For a deeper background on the metric itself, see our article on what is OEE before working through the calculation steps below.
OEE matters at every level of the plant:
- Operators use it to see the immediate impact of a machine stop or a speed reduction.
- Maintenance teams use it to justify TPM investments and track improvement over time.
- Plant managers use it to compare performance across lines or shifts.
- Finance teams use it to translate production losses into lost revenue.
A one-point improvement in OEE on a high-throughput line can represent hundreds of thousands of dollars in recovered capacity annually — without spending a cent on capital equipment.
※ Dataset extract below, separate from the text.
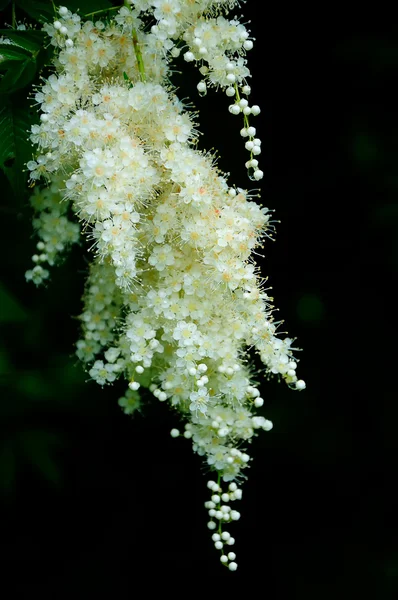 白い花 ストックフォト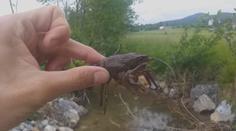 Záchranná akce vzácného raka: Vymírá kvůli račímu moru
Try it: skip the spreadsheet — the free OEE Calculator computes Availability, Performance, Quality, and your OEE score instantly.
The OEE Formula
The full OEE formula is:
OEE = Availability × Performance × Quality
Each factor is calculated independently, then the three are multiplied together.
| Factor | Numerator | Denominator |
|---|---|---|
| Availability | Run Time | Planned Production Time |
| Performance | Ideal Cycle Time × Total Count | Run Time |
| Quality | Good Count | Total Count |
All three factors must use consistent time units. Mixing minutes and hours will produce incorrect results.
Calculating Availability
Availability measures the percentage of planned production time during which the equipment was actually running.
Formula:
Availability = Run Time ÷ Planned Production Time
Key terms:
- Planned Production Time — The total scheduled time minus planned stops (scheduled maintenance, breaks, shift changeovers, and any other planned downtime that is excluded from the OEE calculation by your facility's policy).
- Stop Time — Unplanned downtime: equipment failures, material shortages, unplanned changeovers, and other unscheduled stops.
- Run Time — Planned Production Time minus Stop Time.
Example:
A shift is 8 hours (480 minutes). Planned breaks total 30 minutes, so Planned Production Time = 450 minutes. During the shift the line suffered two unplanned stops totaling 60 minutes. Therefore:
- Run Time = 450 − 60 = 390 minutes
- Availability = 390 ÷ 450 = 0.867 (86.7%)
Note: Scheduled breaks and planned maintenance are excluded from Planned Production Time in most OEE implementations — they are not losses OEE is meant to measure. Only unplanned downtime reduces Availability.
Calculating Performance
Performance measures whether the equipment ran at its designed speed during the time it was actually running.
Formula:
Performance = (Ideal Cycle Time × Total Count) ÷ Run Time
Alternatively, using production rate:
Performance = (Total Count ÷ Run Time) ÷ Ideal Run Rate
Key terms:
- Ideal Cycle Time — The theoretical minimum time required to produce one unit at full speed (nameplate speed). This is a design specification, not an observed average.
- Total Count — All units produced during Run Time, both good and defective.
- Run Time — Same value used in the Availability calculation.
Example (continuing from above):
The machine's nameplate rate is 60 units per minute (Ideal Cycle Time = 1/60 min per unit = 0.01667 min/unit). During the 390 minutes of Run Time, 20,000 units were produced.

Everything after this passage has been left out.